__WHAT IS EXPECTED__
An exact copy of the listing below is required, minus its pictures.

__MATERIAL PROVIDED__

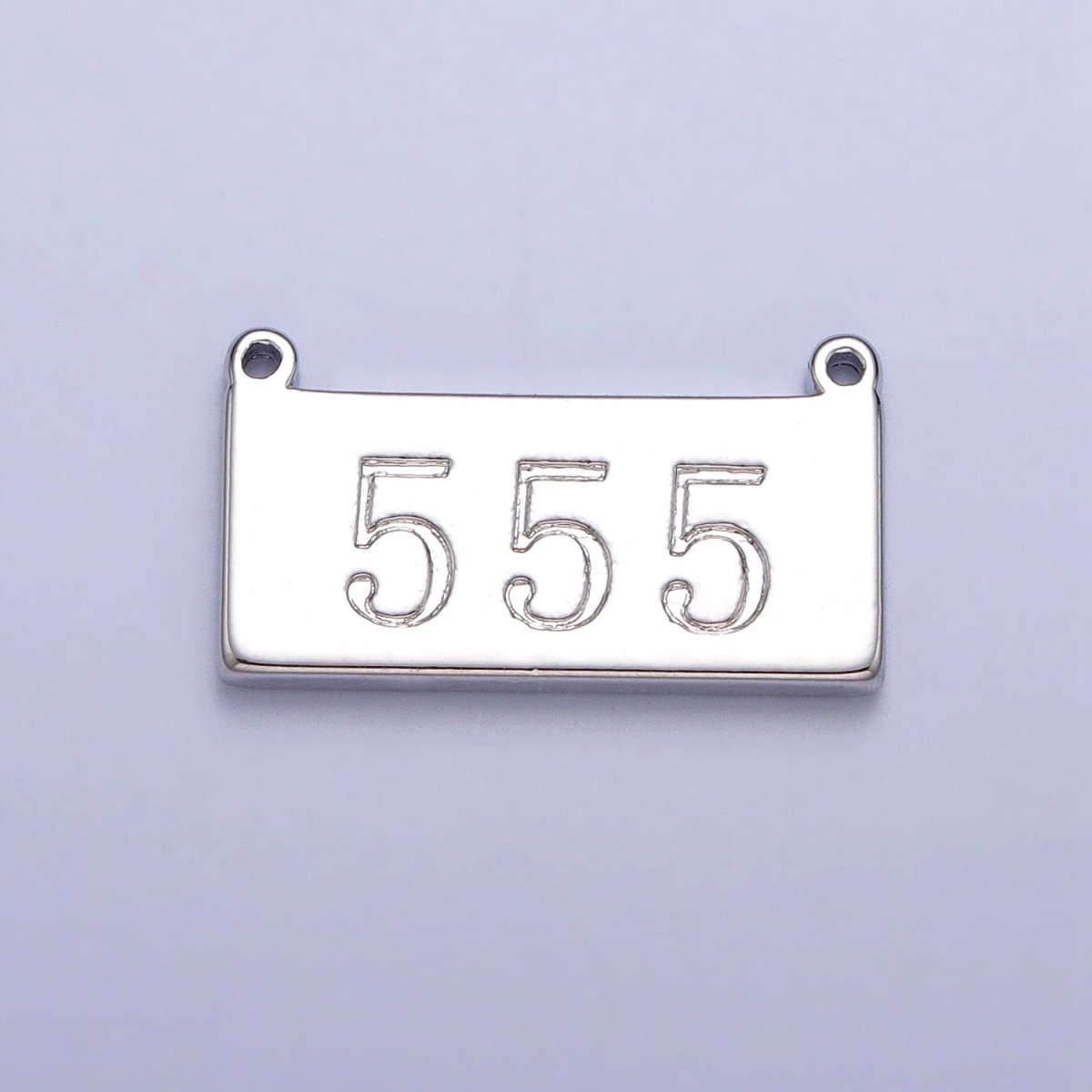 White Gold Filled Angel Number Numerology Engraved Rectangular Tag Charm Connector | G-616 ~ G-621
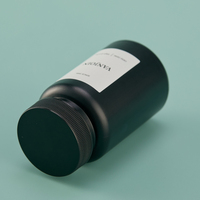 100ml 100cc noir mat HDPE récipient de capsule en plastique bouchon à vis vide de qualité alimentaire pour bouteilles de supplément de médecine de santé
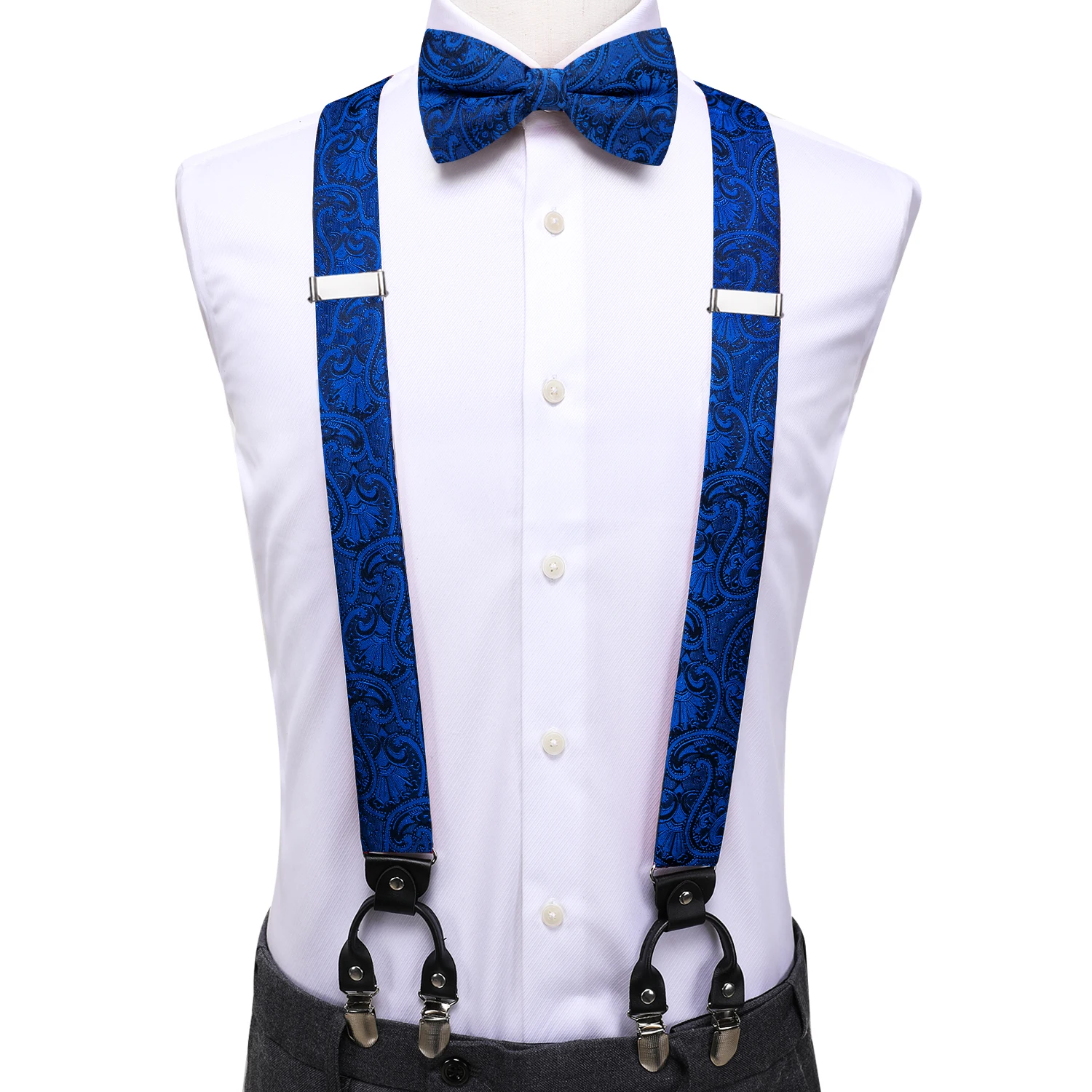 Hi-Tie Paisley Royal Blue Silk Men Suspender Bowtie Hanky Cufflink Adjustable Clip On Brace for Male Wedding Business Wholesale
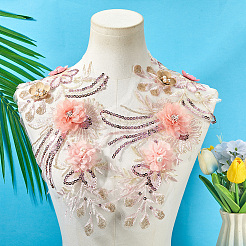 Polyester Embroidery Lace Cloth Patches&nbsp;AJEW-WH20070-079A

__ANSWER TO THIS TASK__
 White Gold Filled Angel Number Numerology Engraved Rectangular Tag Charm Connector | G-616 ~ G-621
 100ml 100cc noir mat HDPE récipient de capsule en plastique bouchon à vis vide de qualité alimentaire pour bouteilles de supplément de médecine de santé
 Hi-Tie Paisley Royal Blue Silk Men Suspender Bowtie Hanky Cufflink Adjustable Clip On Brace for Male Wedding Business Wholesale
 Polyester Embroidery Lace Cloth Patches&nbsp;AJEW-WH20070-079A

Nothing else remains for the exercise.